> [Exercise directions]: Each record that comes next should be output exactly; pictures do not belong in the copy.

[Web page caption snippets]
^^^^^^^^

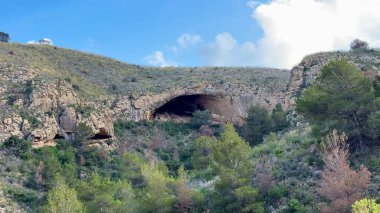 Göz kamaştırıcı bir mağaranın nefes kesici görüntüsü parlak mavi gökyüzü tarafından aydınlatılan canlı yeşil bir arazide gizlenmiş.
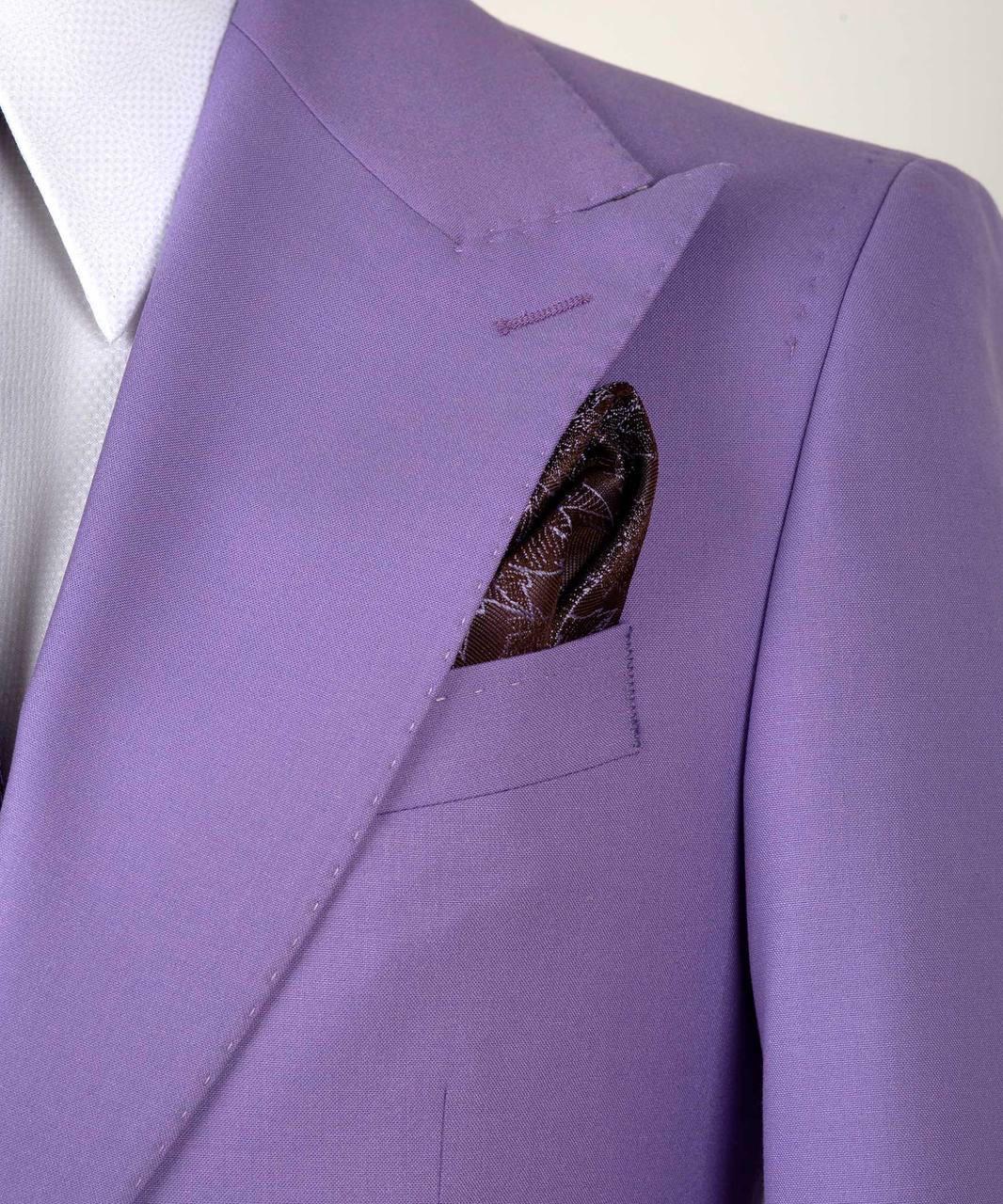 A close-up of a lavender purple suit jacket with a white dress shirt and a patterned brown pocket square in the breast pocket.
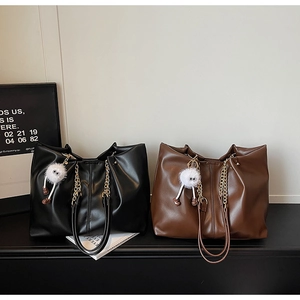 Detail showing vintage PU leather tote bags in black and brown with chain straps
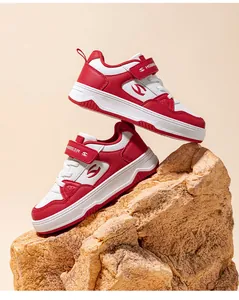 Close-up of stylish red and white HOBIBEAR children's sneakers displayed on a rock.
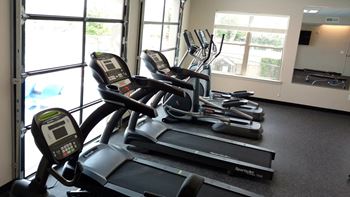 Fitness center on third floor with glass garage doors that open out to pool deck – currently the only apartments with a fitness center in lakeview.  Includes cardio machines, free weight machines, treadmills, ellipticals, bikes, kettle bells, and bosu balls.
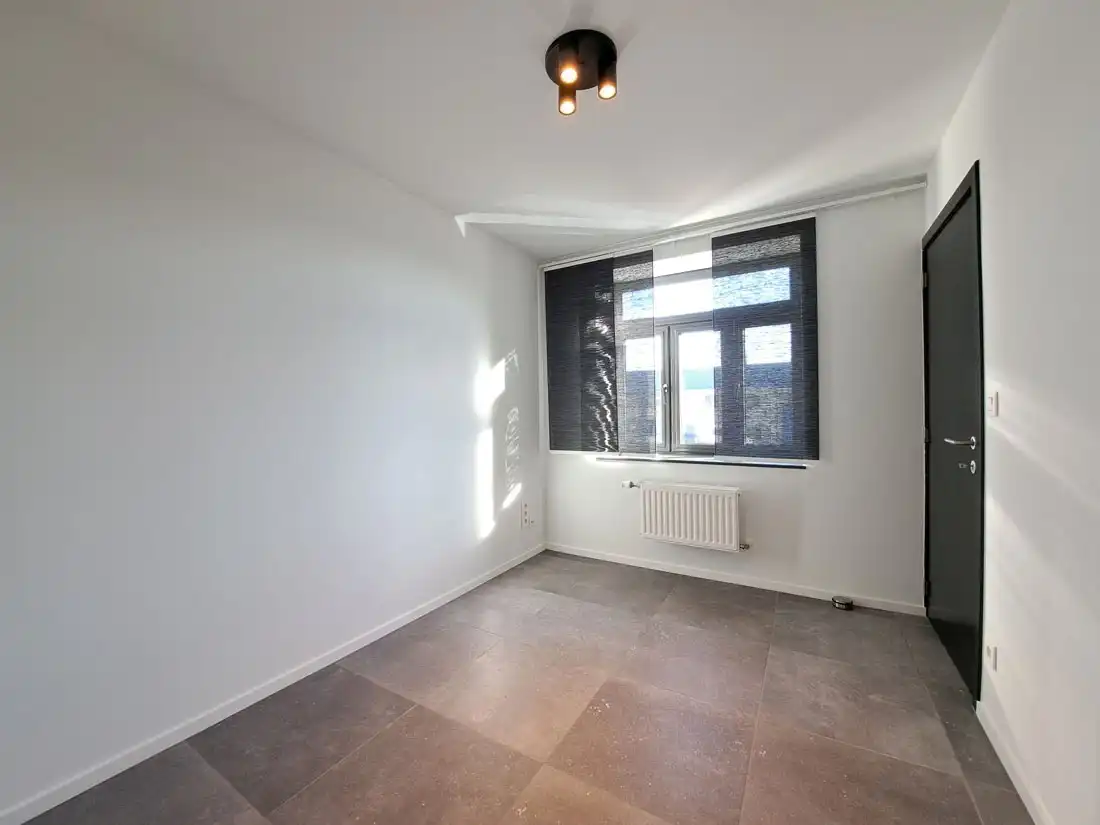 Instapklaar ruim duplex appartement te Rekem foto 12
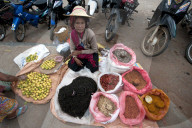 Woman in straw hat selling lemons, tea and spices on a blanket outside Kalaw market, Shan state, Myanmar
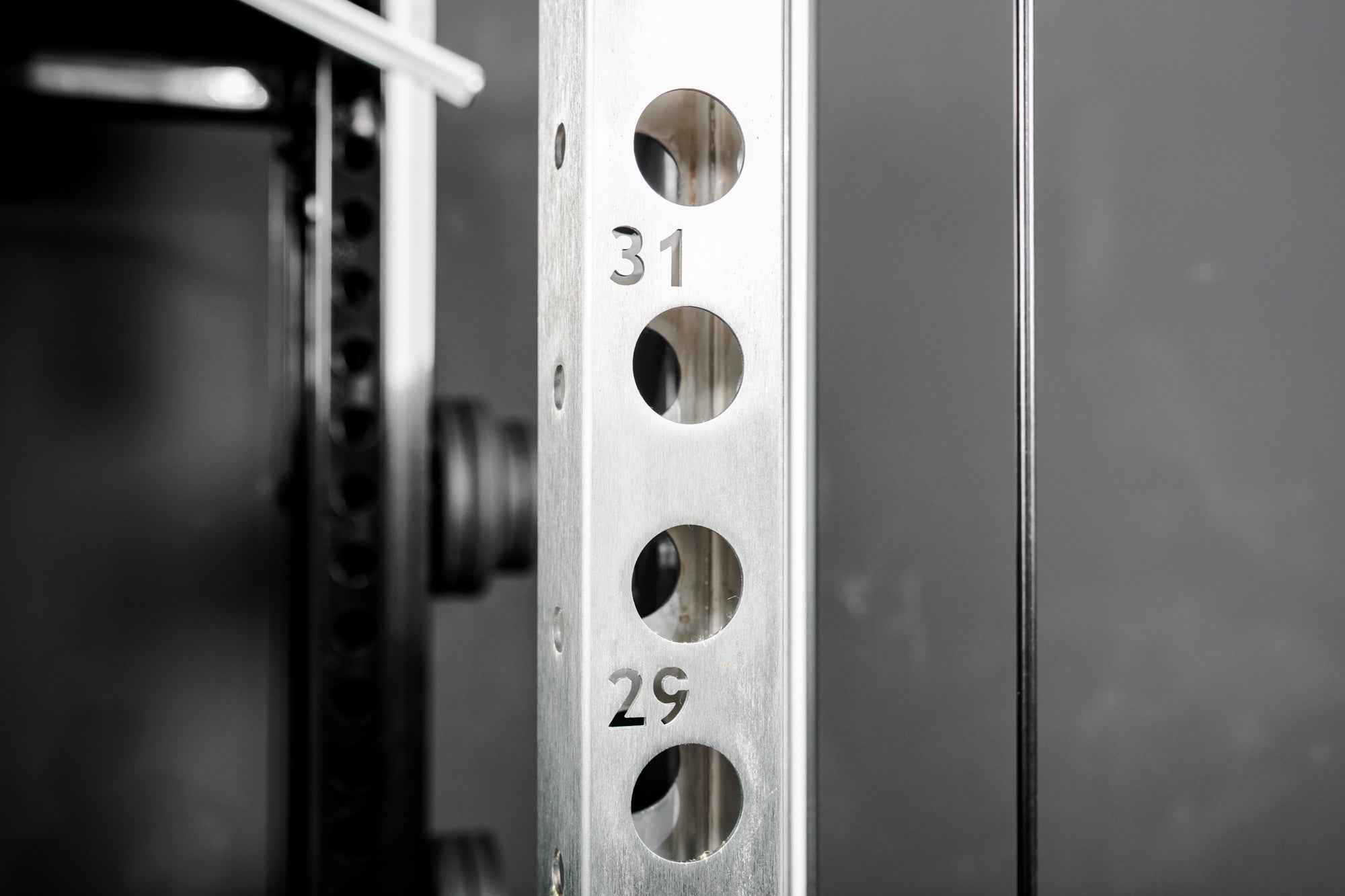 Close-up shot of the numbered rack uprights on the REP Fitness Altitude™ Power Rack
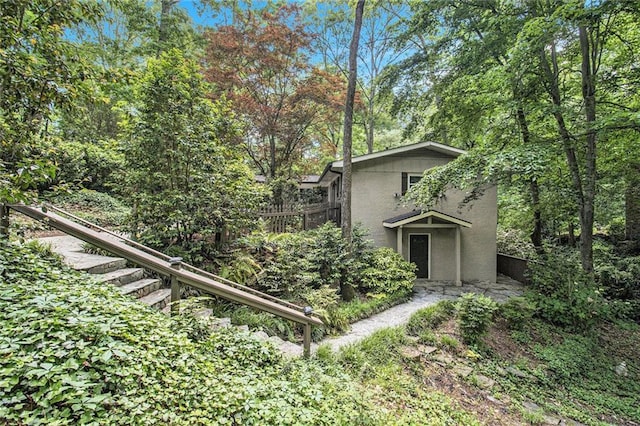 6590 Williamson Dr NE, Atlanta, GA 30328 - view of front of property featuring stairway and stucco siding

^^^^^^^^

> [Exercise response]:
 Göz kamaştırıcı bir mağaranın nefes kesici görüntüsü parlak mavi gökyüzü tarafından aydınlatılan canlı yeşil bir arazide gizlenmiş.
 A close-up of a lavender purple suit jacket with a white dress shirt and a patterned brown pocket square in the breast pocket.
 Detail showing vintage PU leather tote bags in black and brown with chain straps
 Close-up of stylish red and white HOBIBEAR children's sneakers displayed on a rock.
 Fitness center on third floor with glass garage doors that open out to pool deck – currently the only apartments with a fitness center in lakeview.  Includes cardio machines, free weight machines, treadmills, ellipticals, bikes, kettle bells, and bosu balls.
 Instapklaar ruim duplex appartement te Rekem foto 12
 Woman in straw hat selling lemons, tea and spices on a blanket outside Kalaw market, Shan state, Myanmar
 Close-up shot of the numbered rack uprights on the REP Fitness Altitude™ Power Rack
 6590 Williamson Dr NE, Atlanta, GA 30328 - view of front of property featuring stairway and stucco siding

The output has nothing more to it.